Define the aggregation optimally for the measure groups as aggregations reduce the number of values that SSAS has to scan from the disk to generate the response. While having more (all required) aggregations improves the query performance it will be too slow during cube processing whereas if you have too few aggregations it slows down the query performance, but increases the processing performance. Individual aggregations are organized into collections of aggregations called AggregationDesigns. Once created, an AggregationDesign can be applied to many partitions. A single measure group can also have multiple AggregationDesigns, so that you can choose different sets of aggregations for different partitions.

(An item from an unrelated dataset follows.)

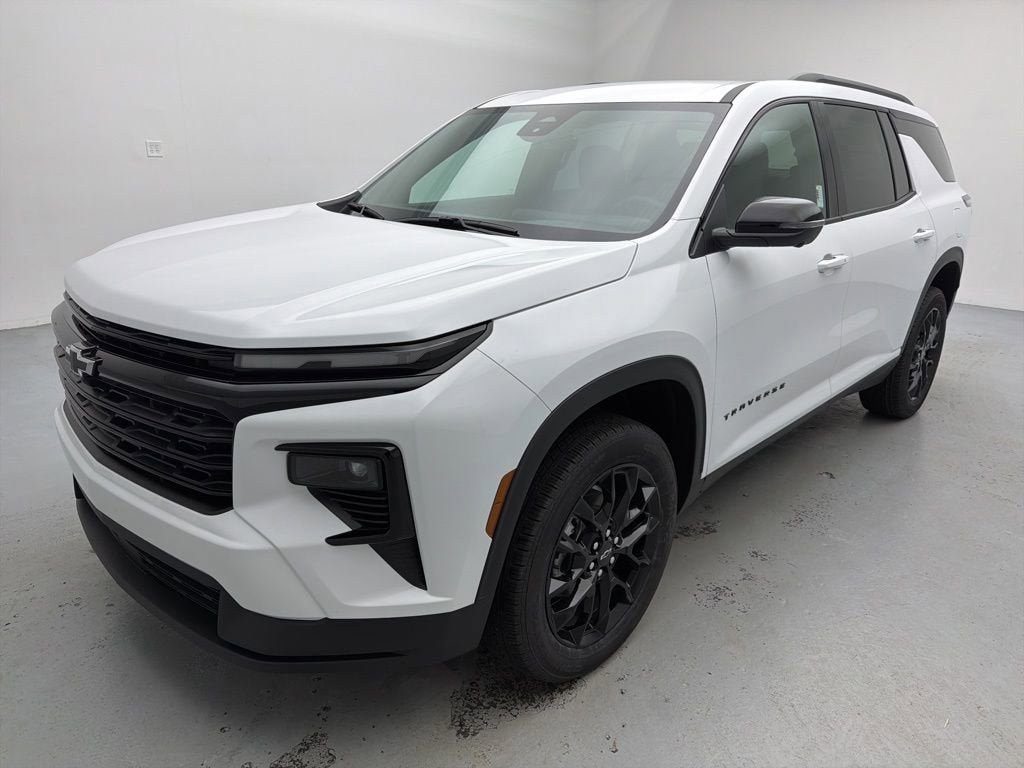 New 2026 Chevrolet Traverse LT w/ Midnight/Sport Edition AWD/4WD image 5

To help Analysis Services successfully apply the AggregationDesign algorithm, you can perform the following optimization techniques to influence and enhance the aggregation design. In this section we will discuss the following:
Tips for designing optimal aggregations strategy:
- Use correct Attribute Relationships, see this post for understanding Optimizing Dimension Processing in SSAS Multidimensional
- Don’t over aggregate and consolidate aggregations:
- For e.g. don’t include key column with another key column in aggregations e.g. ProductKey (n distinct values) and DateKey(m distinct values)) since combinations will result in cross join(m*n) and aggregate data file may be larger than fact data file which is red flag. These will result in rigid aggr since both are keys. Also observe in profiler it will use MergeAgg not just Agg since cardinality is large (m*n)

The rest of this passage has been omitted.